せっかくだからあのドキュメンタリー番組風にしたかったので……
いつも通り、視点変更、時間の経過、場面転換で @ を挟んでいるため、分かりにくいことはないと思います。


第十話:そういう運命。

 『アイドル』

 

 それは女の子達の永遠の憧れ。

 だが、その頂点に立てるのは、ほんの一握り……

 

 そんなサバイバルな世界に、

 13人の女の子達が足を踏み入れていた。

 

 

 

 

 まだ夜も明けきらない早朝、駅で待つカメラの前に、二人の少女がやって来た。

 二人は改札を潜るとカメラに気づき、こちらへと駆け寄ってくる。

 

「あ、おはようござい……ってきゃあ!」

「おはようございます」

 

 二人のうち、小柄で頭に二つのリボンを付けた方の少女が、自分の足につまずいて転んでしまっていた。

 ある意味器用なことだ。

 

『だ、大丈夫ですか?』

「あ、あはは……慌てちゃって……」

 

 彼女は765プロ所属アイドル、天海春香、優しく明るい、ちょっとおっちょこちょいなアイドルだ、イメージカラーは赤。

 

「大丈夫ですよ、いつもの事だし」

『……慣れてらっしゃるんですね』

 

 もう一人、身長が170cm程、同世代からするとかなり高い身長の、栗色の長い髪をこちらもリボンでポニーテールに纏めた少女が、同じく765プロ所属アイドルで、ダンスを得意とする天海夏美、イメージカラーは山吹色。

 

「電車も来ますし、行きましょう」

『そうですね』

「あ、二人とも待ってー!」

 

 彼女達の自宅は事務所から遠いため、こうして朝早くの電車で通勤している。

 ホームで待っていると、東京行きの電車がやって来る。

 通勤電車としても早いこの時間、席はがらがらで、二人とも余裕をもって座ることができた。

 二人とも鞄からそれぞれの愛用品を取り出す。

 通勤にかかせないもの―音楽、タブレット。

 姉である春香はイヤホンを耳にはめて音楽を聴き、妹である夏美はタブレットで様々な記事などを読んでいる。

 いくらかの駅を通りすぎると段々と高いビルが増えて行き、車内にも人が増えていく。

 春香はおばあさんに席を譲り、妹の夏美は、いつの間にやら、器用にもどちらにも傾かずに眠っていた。

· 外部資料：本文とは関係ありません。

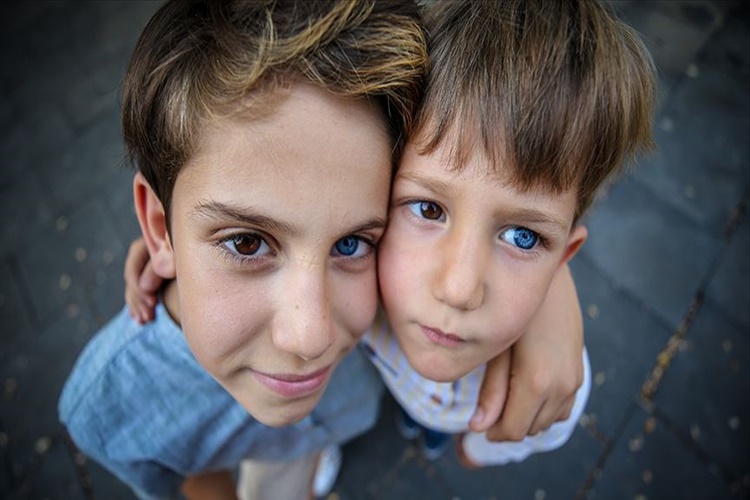 Heterokromi Nedir?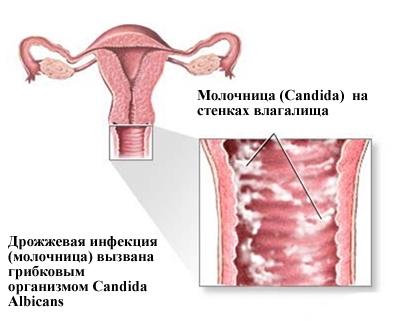 Различные типы вагинальных выделений и их значение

 この後、さらに一本電車を乗り継いで、続いては徒歩で事務所を目指す。

 

『事務所まで、どれくらいかかるんですか?』

「えっと……二時間くらいですね」

『通うの大変じゃないですか?』

「最初はきつかったけど、もうなれたよな」

「うん、それに電車の中で音楽を聴いたり、オーディションの資料とか見てたら、あっという間ですから、気になりません」

 

 そう笑顔で答える春香、きっと彼女は、今この仕事が楽しくて仕方がないのだろう。

 

『ということは、夏美さんが見ていたのは、その資料ですか?』

「あー、いや、あれはニュースとか新聞を見てたんですよ」

『新聞ですか』

「色々知っといて、損はないですからね」

『なるほど』

 

 確かに、様々な仕事をするアイドル、世の中の出来事を知っておいて損はないだろう。

 しかし、改めて言うならば、彼女は春香の『妹』であり、まだ『中学二年生』だ。

 そのようにいくつか質疑応答をしながら歩き、途中のコンビニへ立ち寄る、飲み物や軽食を買っていくようだ。

 

「あ、真おはよう!」

「真、おはようさん」

「あ、おはよう春香、夏美……って、うわわわっ!」

 

 コンビニに立ち寄ると、雑誌コーナーで一人の少女が雑誌を読んでいた。

 彼女は菊地真、春香達と同じく、765プロ所属のアイドルであり、特に響や夏美と共にバックダンサーなどを勤める、ダンスが得意なアイドルだ、イメージカラーは黒。

 

『何を読まれてたんですか?』

「あぁ……これです……らしくないですか?」

 

 我々に気付いて咄嗟に隠していた雑誌を見せてもらうと、それは『LaLaLa』という少女マンガの雑誌だった。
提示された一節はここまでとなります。